Question

the angle of intersection of the curves y=x² and x=y² at (1,1) is

• A. tan^-1\(\frac{4}{3}\)
• B. tan^-1(1)
• C. 90\(^{\circ}\)
• D. tan^-1\(\frac{3}{4}\)

Answer 1

The Correct Option is D

 To find the angle of intersection between the curves \(y = x^2\) and \(x = y^2\) at the point (1,1), we can use the formula for the angle between two curves:

The angle of intersection \(\theta\) between two curves with slopes \(m_1\) and \(m_2\) is given by:

\[\tan \theta = \left|\frac{m_1 - m_2}{1 + m_1 m_2}\right|\]

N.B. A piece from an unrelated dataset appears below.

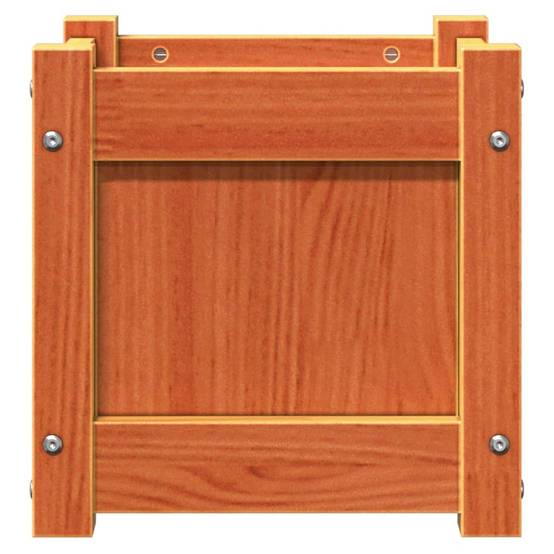 Jardinière | Pot de fleurs | Cache-pot | Bac à fleurs cire marron 31x31x31 cm bois de pin massif - Image 5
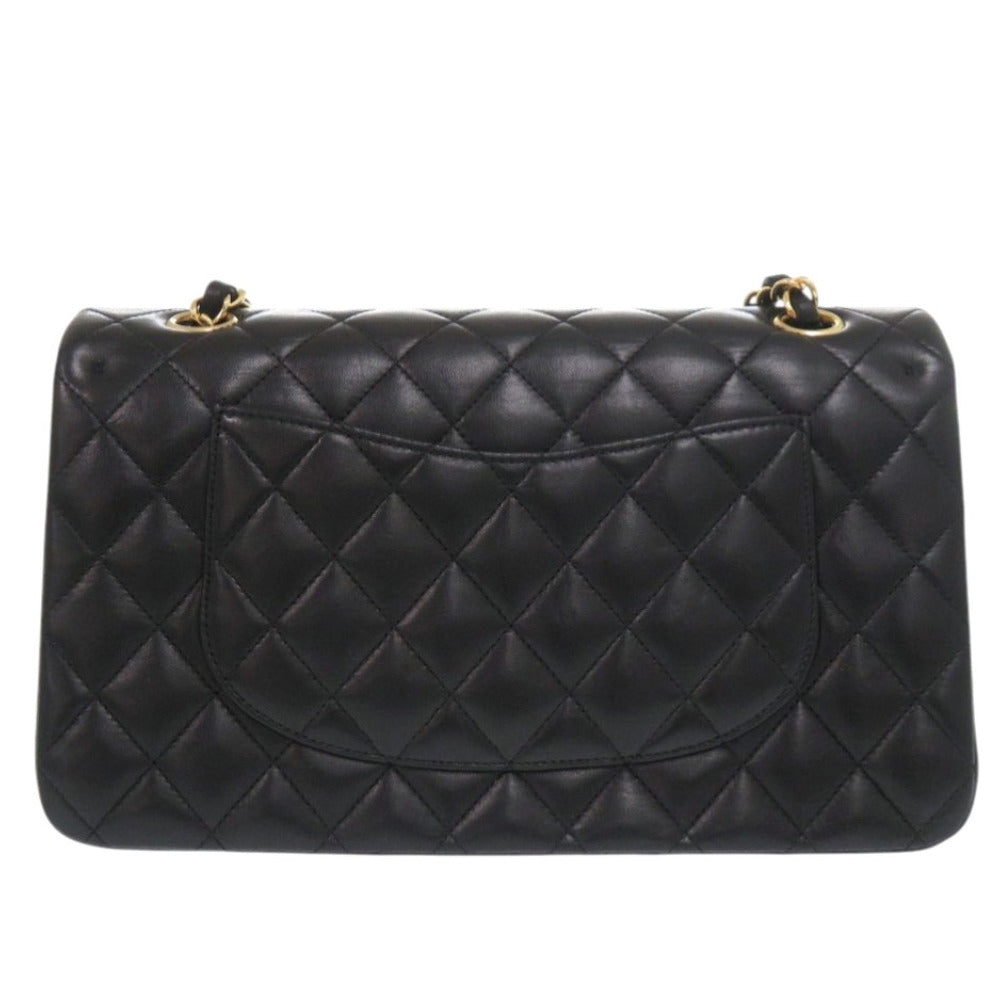 美品 シャネル マトラッセ25 ダブルフラップ 11番台 ラムスキン ゴールド金具 ブラック ショルダーバッグ 黒 0307【中古】CHANEL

First, we find the derivatives of the curves to get the slopes:

1. Differentiating \(y = x^2\) with respect to \(x\), we get: 

\[\frac{dy}{dx} = 2x\]

1. . At the point (1,1), the slope \(m_1 = 2(1) = 2\).
2. Differentiating \(x = y^2\) with respect to \(x\), we implicitly differentiate to get: 

\[\frac{d}{dx}(x = y^2) \Rightarrow 1 = 2y \frac{dy}{dx}\]

1. 
   Solving for \(\frac{dy}{dx}\), we have: 

\[\frac{dy}{dx} = \frac{1}{2y}\]

1. . At the point (1,1), the slope \(m_2 = \frac{1}{2(1)} = \frac{1}{2}\).

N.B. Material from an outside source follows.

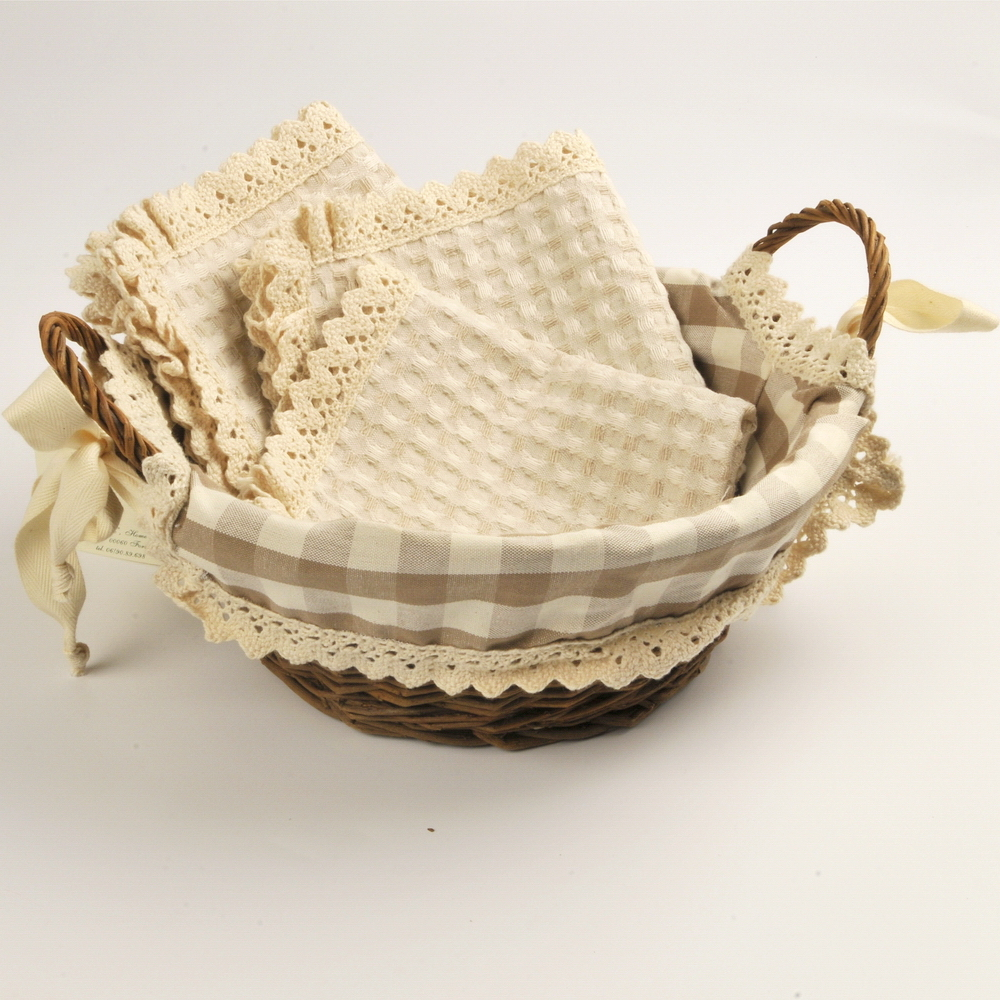 Корзинка и набор тёмно-бежевых полотенец Ноччола от Old Florence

Substituting the values of \(m_1\) and \(m_2\) into the formula for \(\tan \theta\), we get:

\[\tan \theta = \left|\frac{2 - \frac{1}{2}}{1 + 2 \times \frac{1}{2}}\right|\]

Calculate the expression:

\[\tan \theta = \left|\frac{\frac{4}{2} - \frac{1}{2}}{1 + 1}\right| = \left|\frac{\frac{3}{2}}{2}\right| = \left|\frac{3}{4}\right|\]

Thus, the angle of intersection \(\theta\) is \(\tan^{-1}\left(\frac{3}{4}\right)\).

The correct answer is:

tan^-1\(\frac{3}{4}\)